Every night after eating supper and doing her homework, a young Meera Syal would sit down with her dad in the Black Country to watch television.
Despite her father’s best intentions she says the news programmes went a little over her head, but the Goodness Gracious Me actress can still remember lines from classic 1970s comedies like Fawlty Towers, The Likely Lads and Morecambe and Wise.
“I’m one of those people with backward memories. I remember things from my childhood better than things last week. Perhaps it’s because frankly there wasn’t a lot to do back then.”
Wolverhampton-born Meera explains that her father ‘in an Indian dad sort of way’ insisted she stay abreast of current affairs and also loved comedy shows; so the girl who grew up in Walsall on a diet of 1970s jokes and politics. The writer and actor is now hoping her favourite decade of comedy will win UKTV’s search to discover When Were We Funniest on Thursday.
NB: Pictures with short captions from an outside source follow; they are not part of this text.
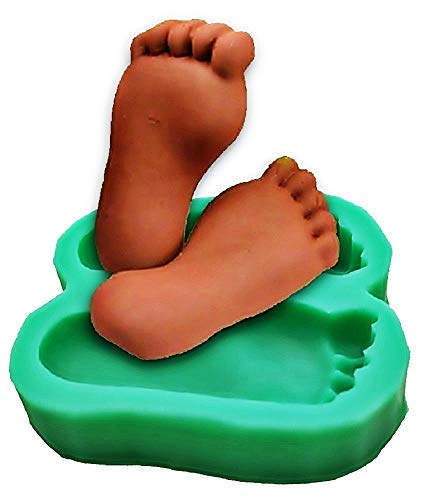 Inception Pro Infinite Silikonform für zwei Füße, ideal als Geschenk – Fimo – Gesso – Hobby – DIY Inception Pro Infinite Silikonform für zwei Füße, ideal als Geschenk – Fimo – Gesso – Hobby – DIY von Inception Pro Infinite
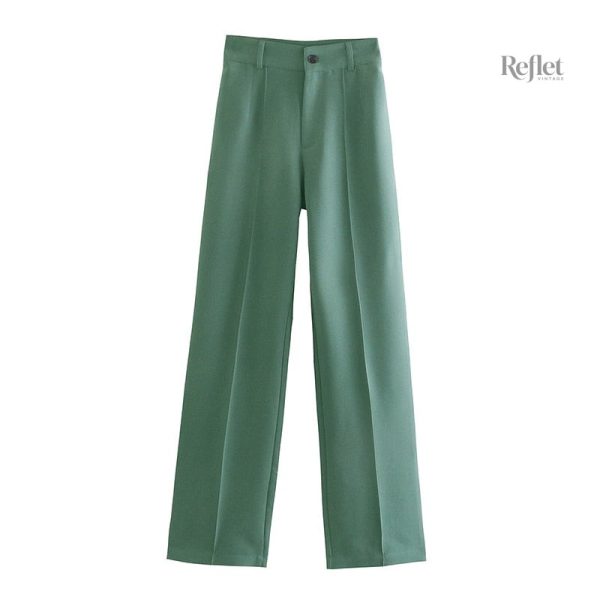 Pantalon vintage chic grande taille féminin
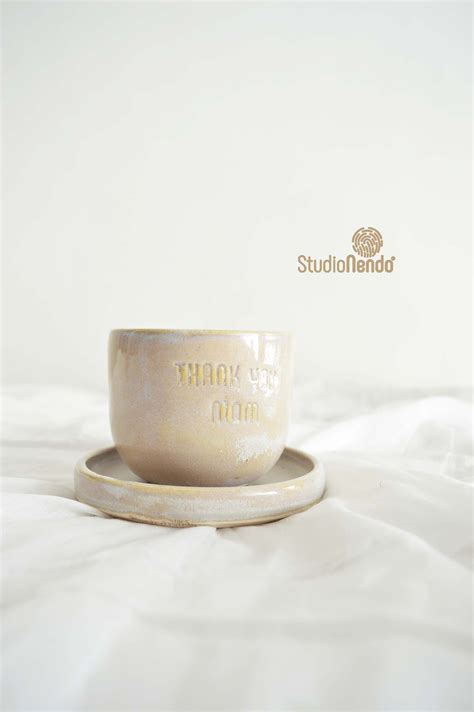 "Thank You Mom" Cappuccino Cup Set- Candy Land – Studio Nendo
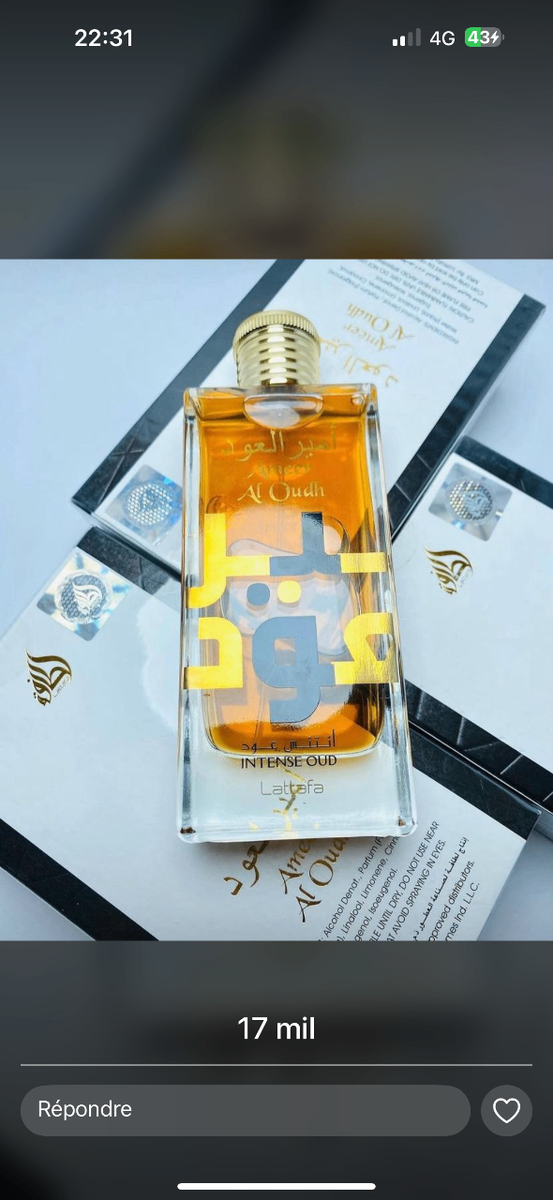 AMEER AL OUDH INTENSE OUD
“I think the 1970s was the golden age of sitcom. If you look at the amount they produced and the hit rate – it’s quite extraordinary.”
Without characters like Albert Steptoe, Frank Spencer and Basil Fawlty, Meera says that modern comedy would never have got off the starting blocks.
“Those dysfunctional men gave us Alan Partridge, David Brent and all of those slightly psychotic characters who are very popular now. Comedy has become about very damaged people doing their best in an unfeeling world.”
Syal, 47, believes that the crazy, dark world of 1970s sitcom mirrored the world she grew up in.
“If you look at the 60s comedy it’s very much about two sofas, a sitting room and a nuclear family. But by the end of the Seventies you get the darkness of Steptoe and Son, the neurosis of Basil Fawlty and the surrealism of Monty Python. These comedies reflect the chaos of a previously ordered world.
“You have to remember it was a very turbulent decade. There was the three-day week, the Vietnam war, social unrest, revolution in Europe, feminism and black power. And when you look at something like Monty Python or Fawlty Towers you can see the darkness seeping in.
“It still works in the same way now. Programmes like Nighty Night and Peep Show are explicably from the noughties. They’re all about selfish people trying to find love in a meaningless, chaotic world. The only difference now is that these shows aren’t mainstream and primetime.
“In the 1970s the best writers and performers were doing the sitcom. Nowadays there’s a slight snobbery attached to mainstream audience-led comedy.”
Syal’s performing career began when she won a National Student Drama Award for the play One Of Us while studying at Manchester University. Since then she has appeared in popular comedy shows Goodness Gracious Me and The Kumars at No 42, as well as building an impressive acting and writing CV.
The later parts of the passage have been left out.